= Problem requirements =
Reproduce the records below exactly from their first line through the line containing "GANT Mens Grey", omitting all pictures.

Collection entries:
::::::::::

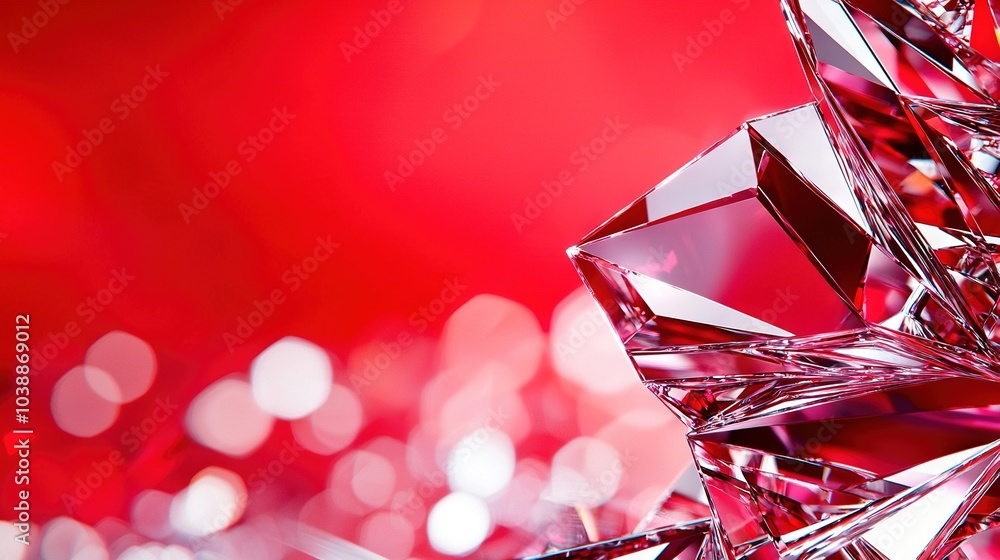 A close-up of a red background with numerous glistening items centrally positioned A close-up of a red background with numerous glistening items centrally positioned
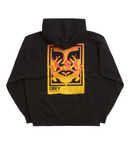 Obey 'Icon Stencil Flame' Hoodie - Black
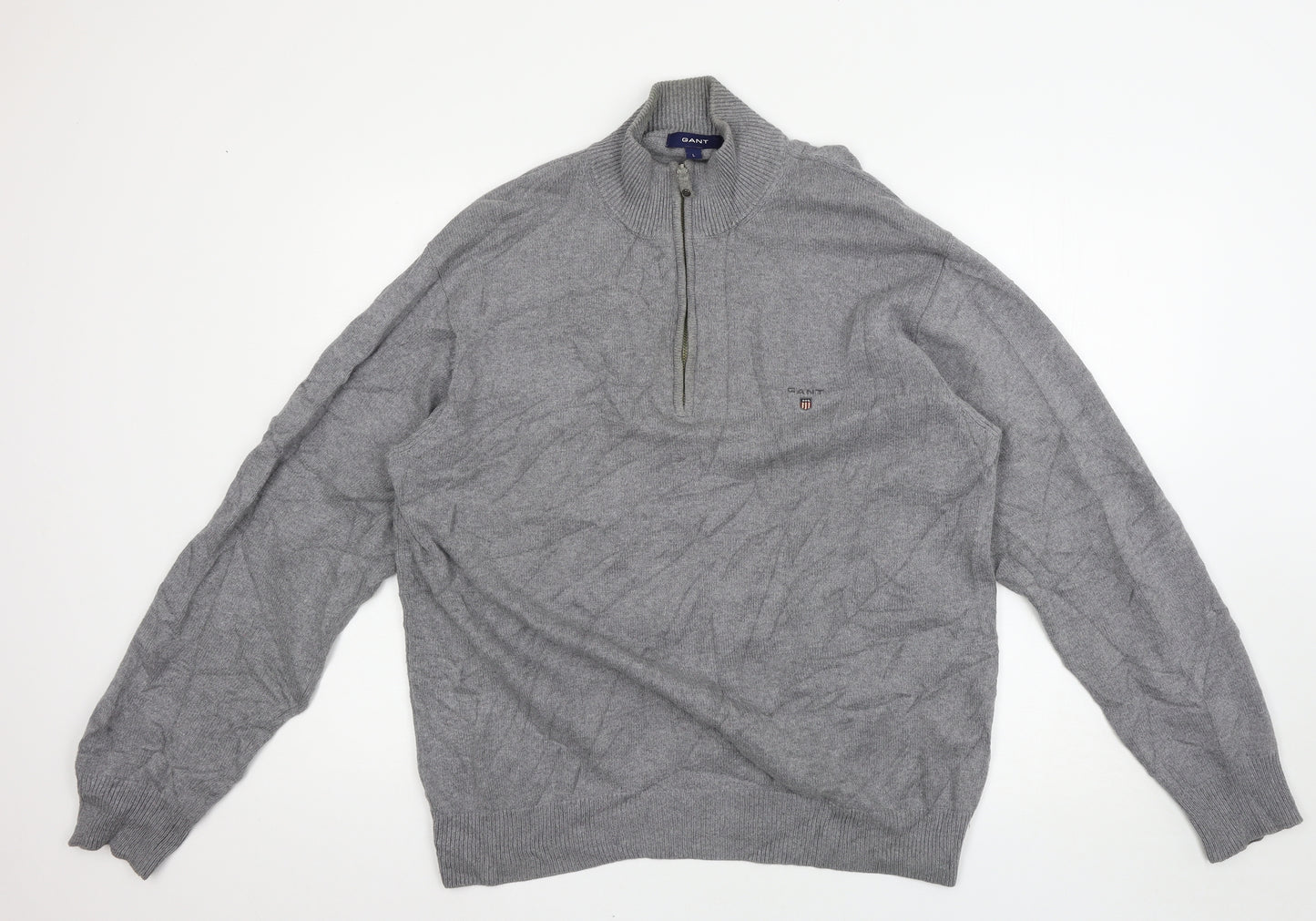 GANT Mens Grey   Pullover Jumper Size L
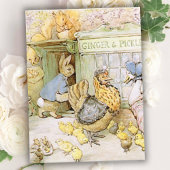 Carte Postale Beatrix Potter Le conte du gingembre et des chaton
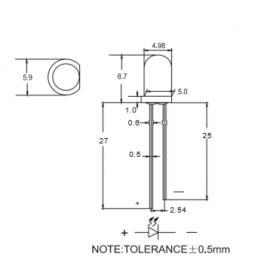 LED DIP BRANCO 5mm
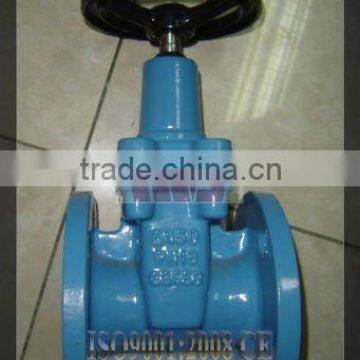 DIN3352 F4 resilient seated gate valve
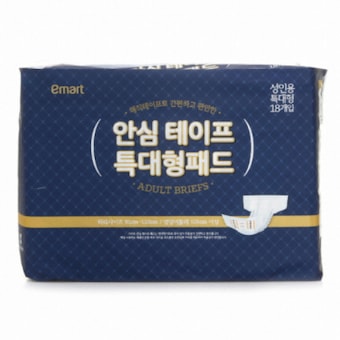 노브랜드 안심 테이프 특대형패드 18개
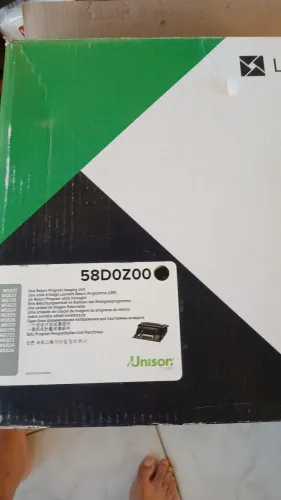 Unidades de imagem lexmark 58D0Z00 original vazio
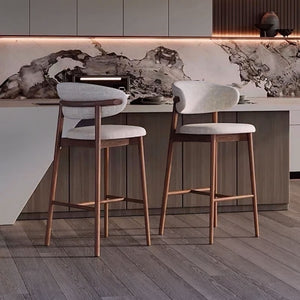 Haruto Bar Stool – back view
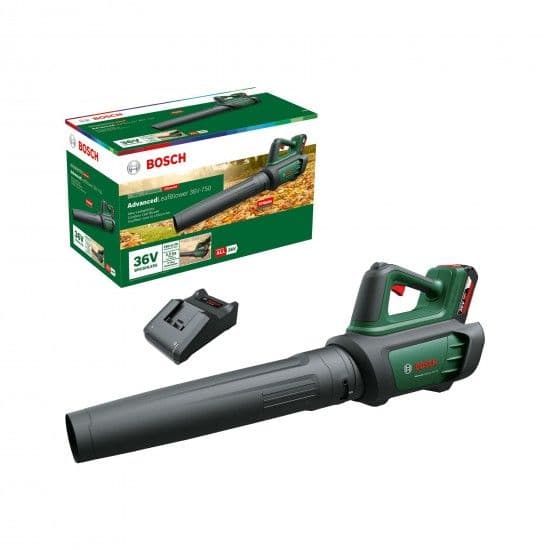 Bosch Soprador de Folhas Sem Fios AdvancedLeafBlower 36V-750 (1x2.0Ah)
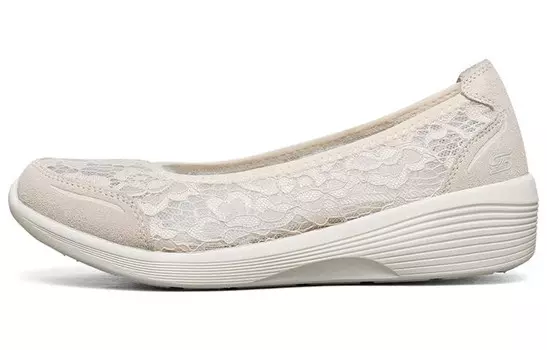 Туфли-слипоны женские с низким верхом, натуральные Skechers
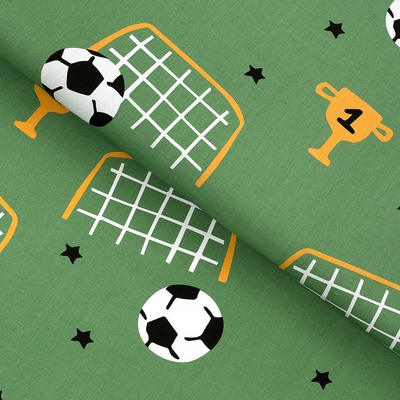 Goldea bavlnené plátno - futbalový svet 160 cm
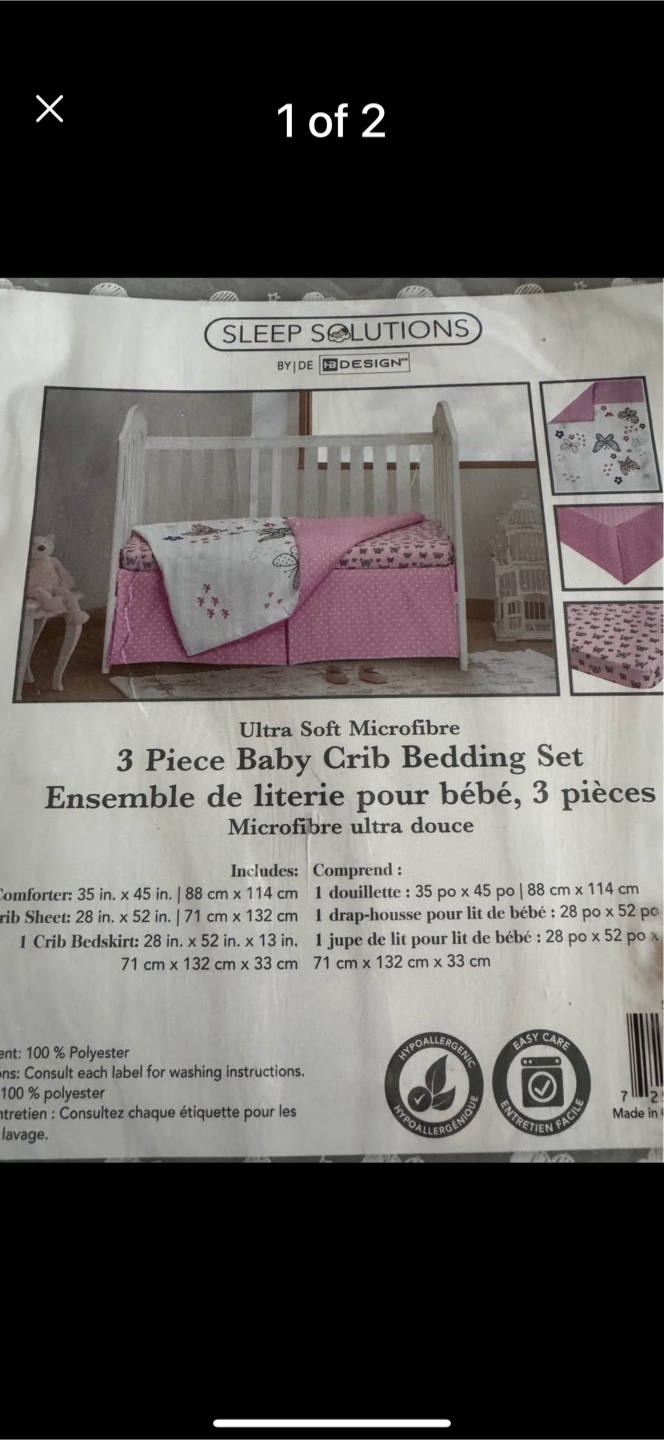 Sleep Solutions 3-Piece Baby Crib Bedding Set - photo 2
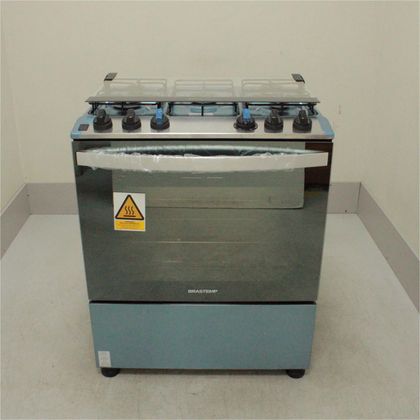 Fogão Brastemp 5 Bocas Cor Inox Com Botões Removíveis E Exclusivo Aro Protetor - BFS5NCRUS1_WEXCELE_CH5094062 BIVOLT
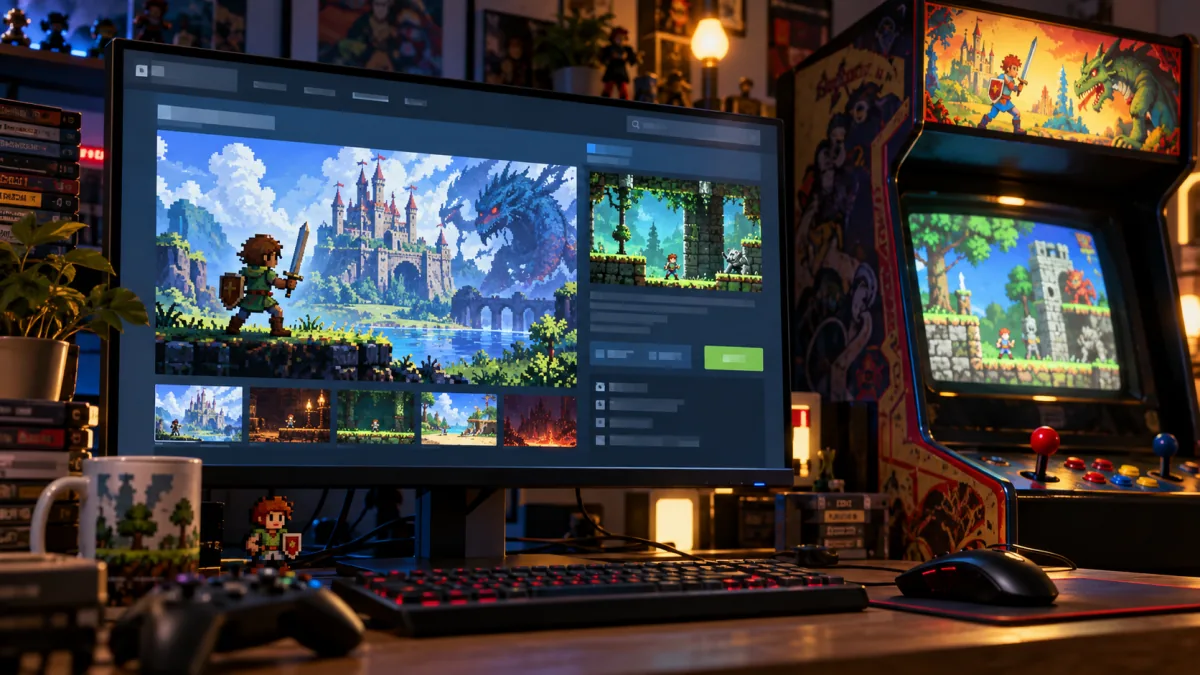 unlicensed Wonder Boy Steam game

::::::::::

= Result of this task =
 A close-up of a red background with numerous glistening items centrally positioned A close-up of a red background with numerous glistening items centrally positioned
 Obey 'Icon Stencil Flame' Hoodie - Black
 GANT Mens Grey   Pullover Jumper Size L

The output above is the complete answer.